I really didn’t know her….well, I did in the biblical sense a few times (one or two, but a few times according to locker room lore).
It was Thursday night…morning, and I’d been thru a tough week…tests…football practice…chores at home….class pressures….some fights.
I needed a release.

I picked her up after goofing around most of the night.
As usual, she yammered away at some social bullshit.
I pretended to listen while twisting knobs finding a good AM station.

Finally, I said ‘Jody, I’m sorry, but…’

‘It’s Janice.’

‘Janet, I’m sorry, but I got a game tomorrow, and think maybe we should get comfy in the back seat…and then..’

‘Uh, it’s not a good time.’

‘Good time? Hey, let me show you a good time.’

‘Yeah, uh, it’s not the right time…’

‘Are you kidding? It’s damn near 2AM? I got a game in 16 hours!’

‘I don’t mean that.’

‘Fine, let me just assist you with that little strap thing, and…’

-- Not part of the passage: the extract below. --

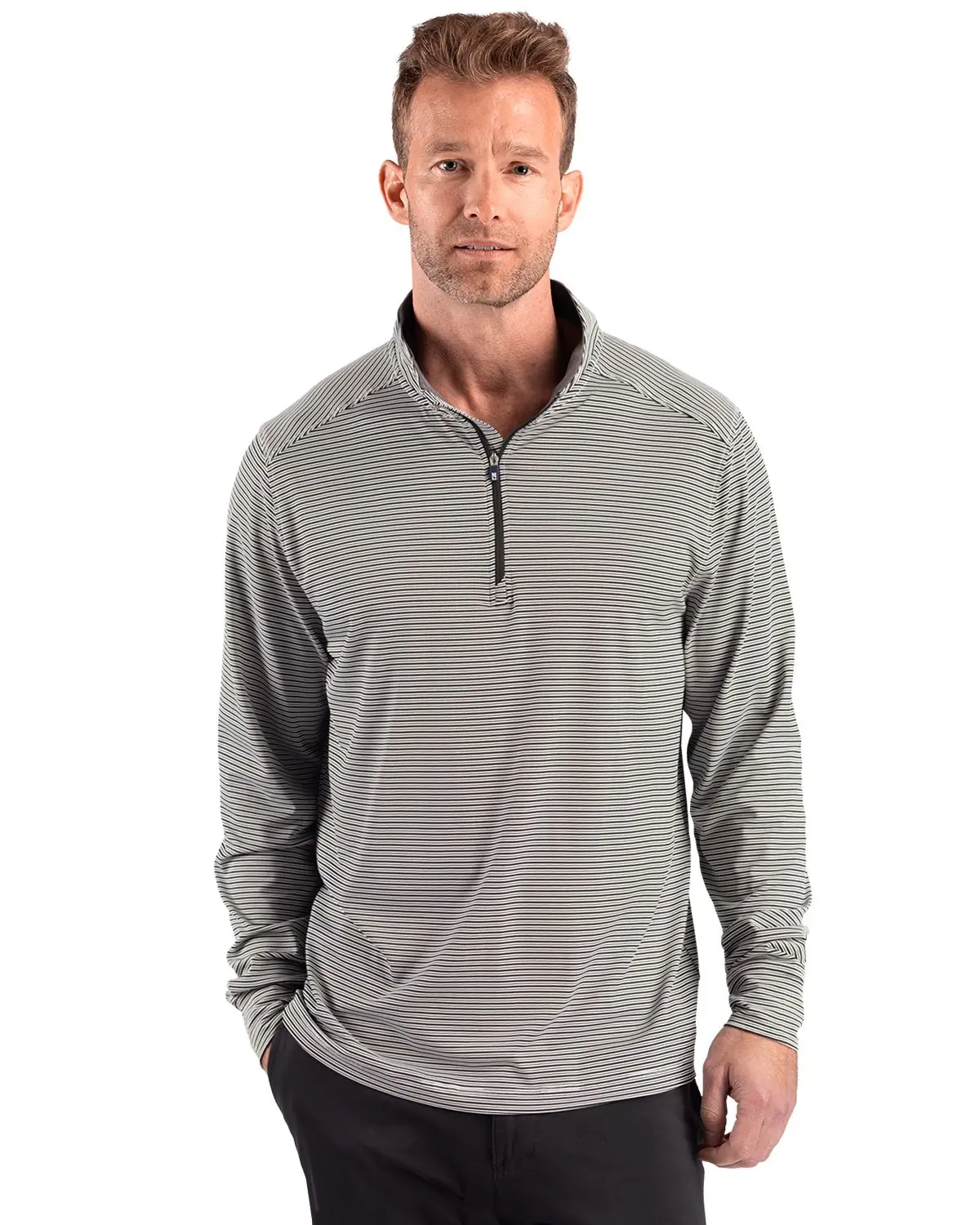 Cutter & Buck Forge Recycled Double Stripe Four-Way Stretch Mens Quarter Zip Pullover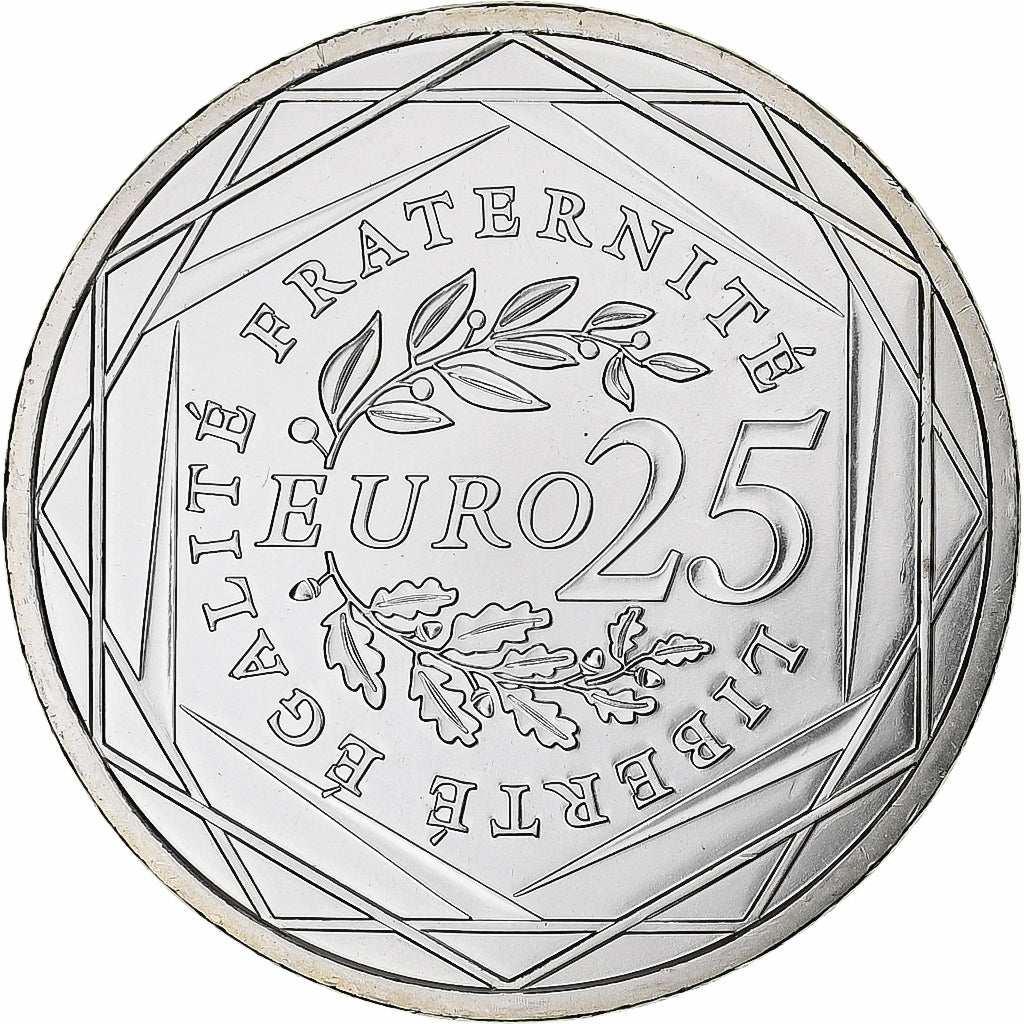 France, 25 Euro, Semeuse, 2009, Pessac, Silver, MS(64)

*‘I’M ON THE EFFING RAG, OK?!!!!’*


'Oh'

16 year olds really do have class, but only in the classroom


----------



## RadishRose (Oct 30, 2018)

Great stories. The funniest was you and the bamboo pole in the swimming pool, LOL!


----------



## IKE (Oct 30, 2018)

I located an old pic of Gary from his high school yearbook taken by his swimming instructor.


----------



## RadishRose (Oct 30, 2018)

Ike!


----------



## Olivia (Oct 30, 2018)

Sometimes growing up if a girl says or does something that feels mean to a guy, it could be that she's just as shy, too, and therefore sometimes says some awkward things.  Just making it seems like you're being rejected. I remember doing that sometimes and still feel bad about it. But I was never nasty.


----------



## jujube (Oct 30, 2018)

I was painfully shy around boys.  I was interested, just too shy to talk to them.  It wasn't until my second year in high school that I started being comfortable with the opposite sex.


----------



## Sassycakes (Oct 31, 2018)

I was never shy around boys when I was young and even now I am not shy around them. I was never flirting with them, but I was always comfortable around them.


----------